It brings up so many questions, right? Specifically: what the heck happened that this pie — which otherwise holds a five-star rating with 239 reviews — turned out to be such an epic disaster that Anonymous labeled it “deeply upsetting?” Did it somehow morph into Anonymous’ past relationship? Was the face of a demon revealed in via arrangement of the pecans? Did it spew racist propaganda throughout all of dessert in true Paula Deen fashion?

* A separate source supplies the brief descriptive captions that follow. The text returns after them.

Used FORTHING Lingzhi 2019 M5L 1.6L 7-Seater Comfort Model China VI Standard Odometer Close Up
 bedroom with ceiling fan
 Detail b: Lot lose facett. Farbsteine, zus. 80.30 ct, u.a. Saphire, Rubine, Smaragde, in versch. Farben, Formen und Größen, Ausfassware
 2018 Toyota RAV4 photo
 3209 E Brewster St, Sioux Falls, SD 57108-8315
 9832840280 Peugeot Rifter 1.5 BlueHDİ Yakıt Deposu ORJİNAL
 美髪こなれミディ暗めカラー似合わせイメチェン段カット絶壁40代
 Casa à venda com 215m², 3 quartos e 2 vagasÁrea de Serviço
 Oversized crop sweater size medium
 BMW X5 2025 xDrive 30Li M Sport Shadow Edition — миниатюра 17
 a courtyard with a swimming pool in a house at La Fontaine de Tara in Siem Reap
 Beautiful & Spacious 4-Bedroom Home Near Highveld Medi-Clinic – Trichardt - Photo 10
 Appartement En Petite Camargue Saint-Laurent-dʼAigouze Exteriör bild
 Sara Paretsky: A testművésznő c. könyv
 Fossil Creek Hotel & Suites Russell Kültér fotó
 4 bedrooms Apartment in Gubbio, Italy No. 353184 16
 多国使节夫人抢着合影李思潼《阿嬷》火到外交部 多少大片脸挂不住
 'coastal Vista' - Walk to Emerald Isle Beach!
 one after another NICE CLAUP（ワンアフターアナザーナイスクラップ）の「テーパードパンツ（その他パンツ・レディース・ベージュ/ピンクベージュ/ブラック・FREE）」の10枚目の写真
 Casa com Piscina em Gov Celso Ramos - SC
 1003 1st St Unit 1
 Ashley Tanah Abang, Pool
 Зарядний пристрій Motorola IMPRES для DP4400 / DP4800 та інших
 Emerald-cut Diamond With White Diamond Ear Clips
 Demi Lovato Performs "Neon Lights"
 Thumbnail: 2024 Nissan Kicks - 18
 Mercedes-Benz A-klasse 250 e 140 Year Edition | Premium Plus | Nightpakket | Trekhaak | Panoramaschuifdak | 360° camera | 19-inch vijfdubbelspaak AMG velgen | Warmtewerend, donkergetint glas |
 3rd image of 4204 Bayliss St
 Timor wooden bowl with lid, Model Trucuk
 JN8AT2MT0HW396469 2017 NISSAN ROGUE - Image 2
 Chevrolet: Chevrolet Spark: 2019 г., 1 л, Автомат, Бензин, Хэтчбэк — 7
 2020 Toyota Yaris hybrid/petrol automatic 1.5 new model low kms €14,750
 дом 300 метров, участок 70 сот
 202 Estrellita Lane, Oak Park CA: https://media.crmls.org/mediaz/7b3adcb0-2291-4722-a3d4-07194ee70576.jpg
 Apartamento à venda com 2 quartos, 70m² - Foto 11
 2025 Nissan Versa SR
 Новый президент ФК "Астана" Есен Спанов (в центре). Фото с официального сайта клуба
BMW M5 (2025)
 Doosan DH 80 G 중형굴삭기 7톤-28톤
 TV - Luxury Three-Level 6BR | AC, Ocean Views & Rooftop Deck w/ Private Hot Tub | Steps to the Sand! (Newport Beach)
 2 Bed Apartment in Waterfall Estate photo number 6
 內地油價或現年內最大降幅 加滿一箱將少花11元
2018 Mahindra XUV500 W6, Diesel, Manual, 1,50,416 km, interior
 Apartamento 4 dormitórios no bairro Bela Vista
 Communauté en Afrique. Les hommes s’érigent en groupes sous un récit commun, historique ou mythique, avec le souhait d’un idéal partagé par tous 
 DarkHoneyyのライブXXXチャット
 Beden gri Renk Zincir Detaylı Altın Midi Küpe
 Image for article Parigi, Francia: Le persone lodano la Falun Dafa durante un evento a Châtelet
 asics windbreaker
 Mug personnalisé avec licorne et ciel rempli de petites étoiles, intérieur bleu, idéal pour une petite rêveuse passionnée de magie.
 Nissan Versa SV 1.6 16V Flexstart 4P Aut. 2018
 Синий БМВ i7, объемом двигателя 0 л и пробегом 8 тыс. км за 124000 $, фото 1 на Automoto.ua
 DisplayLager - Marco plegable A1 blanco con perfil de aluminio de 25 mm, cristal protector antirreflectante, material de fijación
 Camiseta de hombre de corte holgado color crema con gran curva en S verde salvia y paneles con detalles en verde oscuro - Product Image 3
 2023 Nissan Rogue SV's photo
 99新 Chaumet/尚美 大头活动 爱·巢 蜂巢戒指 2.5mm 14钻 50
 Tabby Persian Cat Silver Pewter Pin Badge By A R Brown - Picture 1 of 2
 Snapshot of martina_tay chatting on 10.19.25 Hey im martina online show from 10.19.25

All Deen jabs aside, the Thanksgiving table looks a lot different than it did twenty years ago, what with the internet and its ability to yield thousands of results for anything you might be searching for. Last week, I was getting a haircut and my stylist (I’m super fancy, yo!) began chatting with me about the twice-baked sweet potatoes with bacon brittle she makes every year. So of course I looked up the recipe when I got home and yup — there it was, along with a stylized photo rendered in glorious RGB on my screen.
How does one sift through all this recipe overload? By reading the comments, of course. Comments sections on recipes are vital to weeding out the good from the bad, the tasty from the bland. Comments sections are where home chefs offer up helpful tweaks and spin tales of food triumphs and failures alike. And, as evidenced, sometimes those failures can be spectacular.
But it’s not just comments sections that the internet so generously gives us. It also gives us the ability to share stories with millions of others out there, via glowing screen and clacking keyboard.